Kansas City is the favorite team of baseball fans in the World Series, even though they narrowly expect the Giants to actually win
The San Francisco Giants and the Kansas City Royals may be even: tied one-one after the first two World Series games. But America definitely has a favorite. In the latest Economist/YouGov Poll, conducted mostly before the Series began, Americans who cared about the outcome were rooting for the Kansas City Royals to win – by two to one.
Nearly half the public, however, doesn’t care.
Only in the West do the Giants hold the advantage, and only by a thin margin. 29% of those who live in Western states favored the Giants; 25% were rooting for the Royals. The Royals were ahead in every other region of the country (they led by four to one in their home region, the Midwest, and held clear leads everywhere else).
Fans of Major League Baseball make up a small proportion of the public: only a third say they follow baseball even somewhat closely. They, too, favor the Royals by two to one. And just 18% don’t care.
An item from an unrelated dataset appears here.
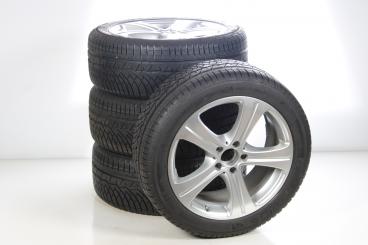 Ruote complete set da 18 pollici in alluminio MICHELIN Class 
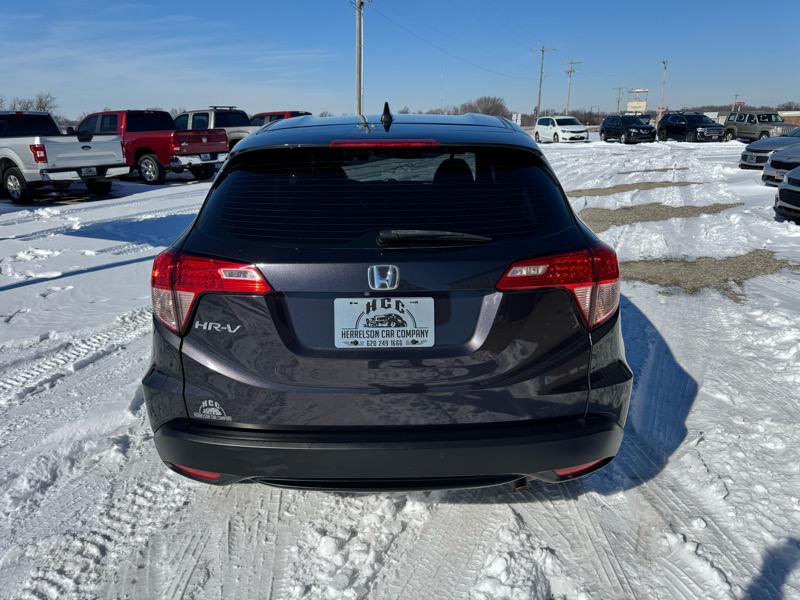 Honda HR-V LX 2WD 2016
Americans may be rooting for the Royals, but they are divided on whether or not Kansas City will win the Series. Just as many say San Francisco will take the best of seven series as think Kansas City will. In the West, the Giants’ home region, the Giants are seen as the likely victors; those in the Northeast expect a Giant victory by a narrow margin.
Major League Baseball fans also are divided in their expectations for a winner.
Baseball continues to be dogged by news about steroids and the use of other performance enhancing drugs by players (with the Yankees’ Alex Rodriguez being perhaps the most recent example). Just about half the public views drug use as a major problem for Major League Baseball. 47% say many –if not most – players use those drugs. But perhaps the League’s stern response to the Rodriguez case has brought at least some positive feedback. Americans think that the League has made a good effort to deal with the problem of steroids.